Even with so much star power and undeniable potential, this movie about BFFs failing at their agreement to “use each other just for sex” is overwhelmingly average.
Or as The Rotten Tomatoes Critics Consensus puts it, “it benefits from the presence of Natalie Portman and director Ivan Reitman’s steady hand, but No Strings Attached doesn’t have the courage or conviction to follow through on its ribald premise.”
All’s fair in Love & Basketball. Painful and poignant, Sanaa Lathan and Omar Epps star as an on-and-off couple who’ve developed a bond throughout their lives.
They share a passion for the game and a passion for each other, but they’re inevitably forced to choose what matters most.
This award-winning movie gives an insightful look at the relationship between two childhood friends who grow up to be promising athletes and lovers. While masterfully wrestling with complex identity issues, Love & Basketball carves out a timeless love story that continues to persevere.
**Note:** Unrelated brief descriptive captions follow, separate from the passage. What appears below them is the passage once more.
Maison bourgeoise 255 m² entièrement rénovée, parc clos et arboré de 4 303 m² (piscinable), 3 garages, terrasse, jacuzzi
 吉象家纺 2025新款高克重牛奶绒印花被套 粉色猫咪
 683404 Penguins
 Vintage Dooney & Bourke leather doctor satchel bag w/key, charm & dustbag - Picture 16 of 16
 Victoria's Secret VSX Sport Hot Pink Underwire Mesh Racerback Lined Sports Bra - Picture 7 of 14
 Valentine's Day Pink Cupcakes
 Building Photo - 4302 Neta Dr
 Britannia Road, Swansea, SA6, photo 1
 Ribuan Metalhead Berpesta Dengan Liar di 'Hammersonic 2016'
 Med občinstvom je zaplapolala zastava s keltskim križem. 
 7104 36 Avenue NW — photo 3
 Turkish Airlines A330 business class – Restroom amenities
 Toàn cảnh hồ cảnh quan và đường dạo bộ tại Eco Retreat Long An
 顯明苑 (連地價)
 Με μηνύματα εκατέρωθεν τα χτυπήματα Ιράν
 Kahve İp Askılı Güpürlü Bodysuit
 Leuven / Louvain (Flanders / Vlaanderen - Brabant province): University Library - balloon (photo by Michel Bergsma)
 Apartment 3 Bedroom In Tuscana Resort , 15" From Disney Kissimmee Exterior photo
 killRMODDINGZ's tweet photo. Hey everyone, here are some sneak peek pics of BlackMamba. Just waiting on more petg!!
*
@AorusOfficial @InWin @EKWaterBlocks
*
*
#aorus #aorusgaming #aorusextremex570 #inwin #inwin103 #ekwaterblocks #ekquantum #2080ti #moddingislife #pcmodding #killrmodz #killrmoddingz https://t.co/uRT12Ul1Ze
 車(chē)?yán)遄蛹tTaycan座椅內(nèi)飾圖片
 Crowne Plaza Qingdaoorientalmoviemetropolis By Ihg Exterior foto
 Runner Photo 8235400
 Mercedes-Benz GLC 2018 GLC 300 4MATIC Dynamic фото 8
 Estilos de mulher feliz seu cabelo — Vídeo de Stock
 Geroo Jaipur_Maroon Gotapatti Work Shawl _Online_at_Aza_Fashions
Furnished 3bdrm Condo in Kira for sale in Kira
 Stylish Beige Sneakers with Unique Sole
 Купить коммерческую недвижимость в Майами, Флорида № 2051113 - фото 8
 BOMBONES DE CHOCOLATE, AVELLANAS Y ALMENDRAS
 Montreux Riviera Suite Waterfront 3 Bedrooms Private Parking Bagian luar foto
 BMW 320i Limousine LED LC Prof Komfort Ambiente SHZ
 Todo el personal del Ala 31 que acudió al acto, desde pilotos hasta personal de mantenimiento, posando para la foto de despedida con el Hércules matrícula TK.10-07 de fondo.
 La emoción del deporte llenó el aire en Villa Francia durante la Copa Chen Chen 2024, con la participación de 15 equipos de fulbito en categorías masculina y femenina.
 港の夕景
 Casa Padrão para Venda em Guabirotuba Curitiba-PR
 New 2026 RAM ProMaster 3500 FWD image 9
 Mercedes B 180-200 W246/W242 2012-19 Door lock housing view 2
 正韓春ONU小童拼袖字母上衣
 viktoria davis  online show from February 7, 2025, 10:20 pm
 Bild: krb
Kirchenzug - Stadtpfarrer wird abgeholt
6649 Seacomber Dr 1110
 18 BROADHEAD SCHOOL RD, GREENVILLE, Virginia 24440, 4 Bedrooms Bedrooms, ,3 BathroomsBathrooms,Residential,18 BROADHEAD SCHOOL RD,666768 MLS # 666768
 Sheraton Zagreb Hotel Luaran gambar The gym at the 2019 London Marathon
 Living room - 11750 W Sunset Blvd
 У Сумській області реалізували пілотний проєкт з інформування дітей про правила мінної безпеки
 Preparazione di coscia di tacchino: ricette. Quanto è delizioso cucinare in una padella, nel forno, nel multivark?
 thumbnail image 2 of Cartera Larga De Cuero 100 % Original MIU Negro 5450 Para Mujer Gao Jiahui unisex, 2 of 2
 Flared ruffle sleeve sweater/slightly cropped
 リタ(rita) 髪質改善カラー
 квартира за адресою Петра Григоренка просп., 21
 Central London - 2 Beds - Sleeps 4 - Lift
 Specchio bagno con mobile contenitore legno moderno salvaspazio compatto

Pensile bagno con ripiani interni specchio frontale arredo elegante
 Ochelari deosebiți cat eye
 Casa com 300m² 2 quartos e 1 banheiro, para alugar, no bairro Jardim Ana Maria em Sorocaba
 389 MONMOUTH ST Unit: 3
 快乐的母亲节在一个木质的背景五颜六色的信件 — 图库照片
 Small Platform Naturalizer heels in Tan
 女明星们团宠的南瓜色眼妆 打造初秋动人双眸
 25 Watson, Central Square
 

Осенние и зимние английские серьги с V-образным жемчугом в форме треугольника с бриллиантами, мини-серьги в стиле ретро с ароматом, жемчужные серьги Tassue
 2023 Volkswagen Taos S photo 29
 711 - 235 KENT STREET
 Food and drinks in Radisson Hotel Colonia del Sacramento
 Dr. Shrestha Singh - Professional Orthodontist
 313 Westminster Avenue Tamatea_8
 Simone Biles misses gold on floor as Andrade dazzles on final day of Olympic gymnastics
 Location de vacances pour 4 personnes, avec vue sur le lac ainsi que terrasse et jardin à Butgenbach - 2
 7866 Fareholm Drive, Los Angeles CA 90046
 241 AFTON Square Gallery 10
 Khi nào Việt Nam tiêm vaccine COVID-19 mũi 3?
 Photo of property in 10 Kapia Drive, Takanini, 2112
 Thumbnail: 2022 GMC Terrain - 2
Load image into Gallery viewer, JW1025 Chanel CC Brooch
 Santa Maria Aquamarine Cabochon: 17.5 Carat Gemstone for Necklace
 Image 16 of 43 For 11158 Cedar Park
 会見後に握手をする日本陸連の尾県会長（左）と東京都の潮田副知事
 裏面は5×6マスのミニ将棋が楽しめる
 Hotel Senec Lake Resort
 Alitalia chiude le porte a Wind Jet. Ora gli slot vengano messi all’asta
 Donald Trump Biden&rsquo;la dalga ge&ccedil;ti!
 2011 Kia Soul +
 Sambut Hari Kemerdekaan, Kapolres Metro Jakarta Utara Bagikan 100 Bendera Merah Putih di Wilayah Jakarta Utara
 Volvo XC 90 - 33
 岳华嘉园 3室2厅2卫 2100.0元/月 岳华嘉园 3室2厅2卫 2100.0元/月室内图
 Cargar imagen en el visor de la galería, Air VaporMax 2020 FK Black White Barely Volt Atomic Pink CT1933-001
Since they were kids, Chris Brander (Ryan Reynolds) has been hopelessly in love with his best friend Jamie Palamino (Amy Smart). But when he was about 100 pounds heavier and had braces, Chris felt Jamie was eternally out of his league.
When he finally musters up the courage to confess his feelings, things don’t go as hoped. Inevitably, Jamie tells Chris she loves him but adds “like a brother.” He’s crushed. Ten years after being friend-zoned, everything changes.
In this quintessentially shallow rom-com, Chris is “a different person” when they inevitably reunite over the holidays. He’s more confident, good with the ladies, and has a six-pack. Now undeniably handsome, Chris thinks he has what it takes to win over the object of his unreciprocated affection.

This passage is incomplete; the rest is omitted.